Algeria is now discovering New Towns in order to meet the demand for housing and resolve the saturation of the historic city centers. The "New Town" of Ali Mendjeli on the outskirts of Constantine has just been hastily built by the Government with limited financial resources. The new residents, who for the most part came from the poor central parts of town are attempting to turn an area lacking in quality into a livable neighborhood.
In the former Eastern Block nations, New Towns were designed as practical laboratories in the day to day building of the socialist nation. Their history remains that of large complexes of standardized buildings that momentarily satisfied the strong demand for housing and comfort close to major industries. In the German Democratic Republic, the popular enthusiasm for this model of a fully equipped city coexisted with criticism of its uniformity.
In Czechoslovakia between the wars, Thomas Bata, a major shoe manufacturer, built a network of New Towns combining the garden city model with the functional principles of the Athens charter in a kind of Ford-like social project. From autonomous architectural modules, construction evolved under post-war socialism into a linear city with a planned out relationship with surrounding areas.
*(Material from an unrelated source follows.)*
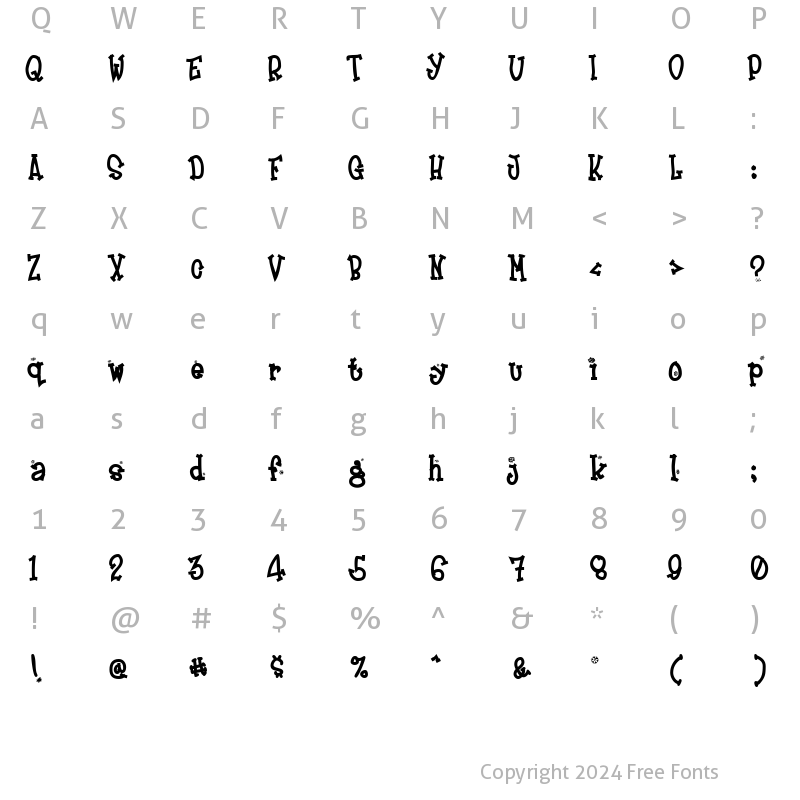 Character Map of Frosty Regular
The Albertslund New Town was born in the 1960s of the development plan for Greater Copenhagen which placed public control over urban development and a balance between city and nature at the heart of its goals. Public housing, local participation and respect for the environment all joined together for the future. Recent evolutions relate to the integration of new populations, the upkeep of now damaged areas and the desire to bring ecology into the daily mix.
Sweden is the country where urban development has elected residence, for the country embarked on its own highly interventionist construction program for a few New Towns after the Second World War. Vällingby, outside of Stockholm, is a typical example of a city planned by the welfare state. Today, the urban core has aged and lost a part of its residents, but an ambitious renovation project is banking on making something out of the promising remains.
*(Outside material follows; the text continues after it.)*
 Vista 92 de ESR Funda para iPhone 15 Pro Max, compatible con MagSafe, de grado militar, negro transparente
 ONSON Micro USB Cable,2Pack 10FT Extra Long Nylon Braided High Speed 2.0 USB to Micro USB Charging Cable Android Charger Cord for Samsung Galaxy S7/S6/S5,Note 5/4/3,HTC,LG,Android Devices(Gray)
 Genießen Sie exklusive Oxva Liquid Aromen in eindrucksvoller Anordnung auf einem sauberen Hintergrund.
A concentration of universities and research labs outside of Tokyo, Tsukuba became a kind of New Town with a population of close to 200,000. Its development saw the technological overheating phase of the 1980s, then its melt down during the economic crisis that followed. The fusion between fundamental and applied research in separate, small, entities now brings the entire image and future of Tsukuba into question.
A New Town under construction outside Nankin, Riverside sees itself an a model of harmonious coexistence between industry, residential living and nature. Unequal compliance with the environmental standards set out and the partial expropriation of local agricultural activities along with the limited commitment by private investors all slow the transformation of the ideal into tangible reality. The sustainable development phraseology borrowed from international bodies masks a market based and segregationist urban development model that is less harmonious.
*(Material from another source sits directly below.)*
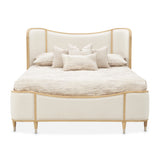 Camellia Field Caramel Queen Upholstered Bed (3pc) from Michael Amini - Luna Furniture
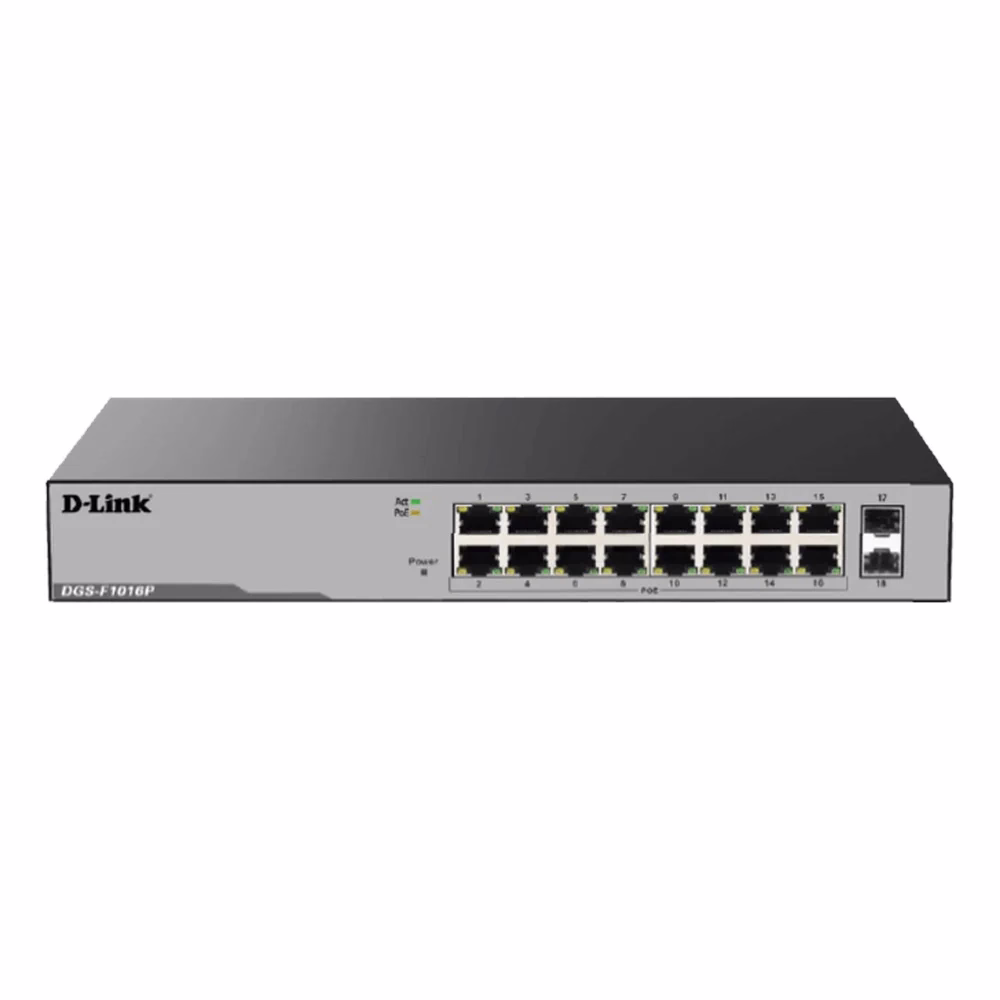 D-Link 18-Port Gigabit PoE Unmanaged Switch, 16 x PoE Ports, 2 x Gigabit SFP Slots, 150W Power Budget, Fanless, 1 Year Warranty | DGS-F1016P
During the twentieth century, the garden city model imported from Europe a century before spread across the United States without every satisfactorily achieving its goals of harmonious social and spatial coexistence. The New Town model took over after World War Two to restructure monotonous suburbs forming the urban sprawl. What was achieved never lived up to the hopes of urban developers continually confronted with a general demand for a separation between skyscraper and garden, rich and poor, White and Black.